▶ _PROBLEM TO WORK ON_: Transcribe, without alteration, the line that includes "Las Vegas Hotel" and each line after it until the records end, omitting all that precede it.

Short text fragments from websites
════════

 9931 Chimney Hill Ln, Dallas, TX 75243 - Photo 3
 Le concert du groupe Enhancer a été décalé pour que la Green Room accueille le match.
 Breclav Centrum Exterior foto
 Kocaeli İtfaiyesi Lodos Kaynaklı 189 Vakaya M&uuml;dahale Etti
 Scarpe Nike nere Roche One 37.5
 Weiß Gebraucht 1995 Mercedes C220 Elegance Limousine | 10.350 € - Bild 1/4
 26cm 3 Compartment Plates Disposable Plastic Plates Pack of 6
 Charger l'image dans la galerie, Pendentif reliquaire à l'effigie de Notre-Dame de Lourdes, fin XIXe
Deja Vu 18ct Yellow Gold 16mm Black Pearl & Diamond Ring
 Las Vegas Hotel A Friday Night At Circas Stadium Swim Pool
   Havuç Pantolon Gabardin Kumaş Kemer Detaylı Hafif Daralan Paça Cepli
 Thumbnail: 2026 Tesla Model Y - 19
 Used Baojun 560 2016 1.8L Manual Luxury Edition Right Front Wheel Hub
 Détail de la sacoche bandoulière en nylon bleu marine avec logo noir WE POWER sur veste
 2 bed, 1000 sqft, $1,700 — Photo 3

════════

▶ _ANSWER SECTION_:
 Las Vegas Hotel A Friday Night At Circas Stadium Swim Pool
   Havuç Pantolon Gabardin Kumaş Kemer Detaylı Hafif Daralan Paça Cepli
 Thumbnail: 2026 Tesla Model Y - 19
 Used Baojun 560 2016 1.8L Manual Luxury Edition Right Front Wheel Hub
 Détail de la sacoche bandoulière en nylon bleu marine avec logo noir WE POWER sur veste
 2 bed, 1000 sqft, $1,700 — Photo 3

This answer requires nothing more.